Capt. Alan Zaremba, of Hollywood, reported pretty good freshwater fishing, noting that there was "a true fall bite going, which means lots of topwater action," for largemouth and peacock bass.
"Even with high water out in the Everglades, I am still getting a good topwater bite in the more isolated canals with no marsh access," Zaremba said.
"And the urban canals have also been yielding good peacock bass and snakehead action. Both snakeheads and peacock bass are biting Heddon Baby Torpedoes and Storm Chug Bugs."
Gary Shumacker of Jacksonville caught 24 largemouths and 15 peacocks fly fishing in the L-30 with gurglers and poppers worked aggressively. Ted Sander of Cooper City caught eight peacocks using Baby Torpedoes on a morning trip in the C-6.

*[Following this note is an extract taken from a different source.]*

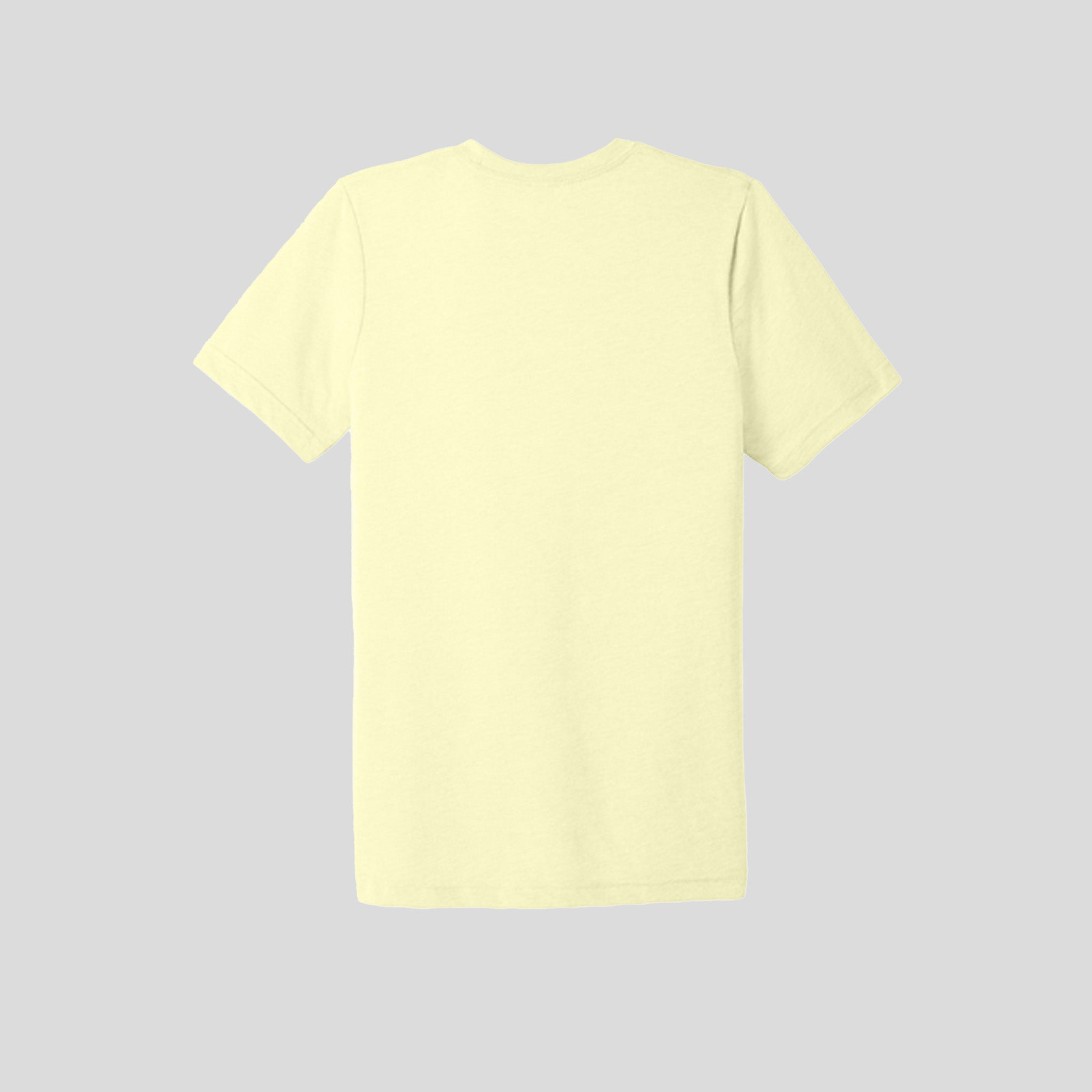 Unisex Triblend Short Sleeve Tee | Pale Yellow Triblend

Josh and Matt Goodry of New Orleans caught 15 peacocks up to 3 pounds and two snook using AZ Jungle Jigs and Baby Torpedoes in the C-100. Joe Sultan of Pompano Beach caught four snakeheads, two peacocks and a few largemouths on Chug Bugs and Baby Torpedoes during a half-day trip in the G-15.
Ray Shimoaubo of Big Pine Key caught nine snakeheads, 14 peacocks and three largemouths using Baby Torpedoes in the L-35A.
Daniel Paret, 15, Andrea Paret, 12, and Ryan Holland, 14, all of Miami Lakes, caught 15 peacocks up to 3 pounds on AZ Jungle Jigs and Baby Torpedoes..
Reef meeting: Dr. Brian Walker and Amanda Costaregni of Nova Southeastern University present "The Seascape of the Northern Florida Reef Tract" at the Hollywood Hills Saltwater Fishing Science and Social Club meeting at 7 p.m. Wednesday at Shenanigans East Side Pub, 1300 S. Federal Highway, Dania Beach.
Walker and Costaregni will discuss the new Our Florida Reef Marine Planner software, which features detailed maps of the ocean bottom off South Florida, and seek feedback for an Our Florida Reef survey about reef use.